На ступеньках алтаря два одетых в черное турка нападали на священника, пиная беднягу ногами и проклиная на своем языке, тогда как перепуганный служитель отчаянно пытался защититься с помощью грубого деревянного посоха.
Совсем недавно моя нерасторопность, мои колебания стоили жизни другу. У меня не было никаких обязательств перед священником, но сейчас я не задумываясь побежал по проходу к алтарю.
Выхватив меч и издав громкий боевой клич, я обрушился на нападавших как раз в тот миг, когда один из них вонзил кинжал в живот священнику. Другой повернулся, и я прыгнул на него. Сталь вошла в плоть, и турок испустил душераздирающий вопль.
Его приятель поднялся, размахивая кинжалом, с которого еще капала кровь священника. Сделав выпад, он выплюнул слова, которые я знал:
— Ибн Кан…
Сын Каина.
Я ударил его с разворота, и меч прошел через шею с такой же легкостью, как если бы рубил чахлую ветку. Турок упал на колени, а его голова откатилась в сторону. Туловище, качнувшись, завалилось вперед, и будь голова на месте, мой враг упал бы лицом вниз.
Я стоял, тупо глядя на страшные тела двух убитых мной турок. Зачем? Что со мной? Что там, внутри меня? Я больше не знал.
Что я здесь делаю? В кого превратился?
Я подошел к священнику посмотреть, можно ли ему помочь, и опустился на колени. Глаза умирающего быстро мутнели. Последний вздох… и деревянный посох выпал из скрюченных пальцев.
Слишком поздно… Я был не героем, а всего лишь глупцом.
Сзади послышался шорох. С опозданием обернувшись, я увидел третьего турка — громадного верзилу устрашающих размеров, с обнаженной грудью и горящими глазами. Вид двух убитых товарищей добавил в них огня, и турок с поднятой саблей рванулся ко мне.

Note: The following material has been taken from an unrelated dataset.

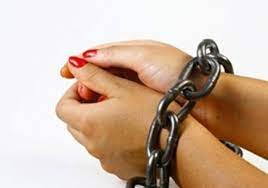 شوهت وجه صديقها ثم طعنته ولاذت بالفرار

В этот миг я осознал свою полную беспомощность. Противник, по меньшей мере вдвое превосходивший меня ростом и весом, имел все преимущества. Бороться с ним было то же самое, что сражаться с ураганом. Я поднял меч, дабы отразить атаку, но удар был настолько силен, что отбросил меня на мертвого священника. Турок изготовился к повторной атаке, не спуская с меня злобных глаз, и надо же такому случиться, что именно в этот момент меч выпал из моих рук, лязгнул, ударившись о каменный пол церкви, и отлетел в сторону. Я прыгнул было за ним, но получил чувствительный пинок в живот.
Вот и все. Я знал, что сейчас умру. Противостоять этому чудовищу у меня не было ни одного шанса. Может быть… Я потянулся к деревянному посоху священника, но турок сделал гигантский шаг вперед и наступил на него. Ничего другого на ум не приходило. Я поднял голову и посмотрел в черные глаза великана. Занесенный над головой клинок блеснул в свете чадящего факела. Сейчас я умру…
Какие глубокие мысли посетили голову в этот последний миг? Какие образы встали перед глазами, когда я сидел на полу в старинной церквушке, ожидая удара?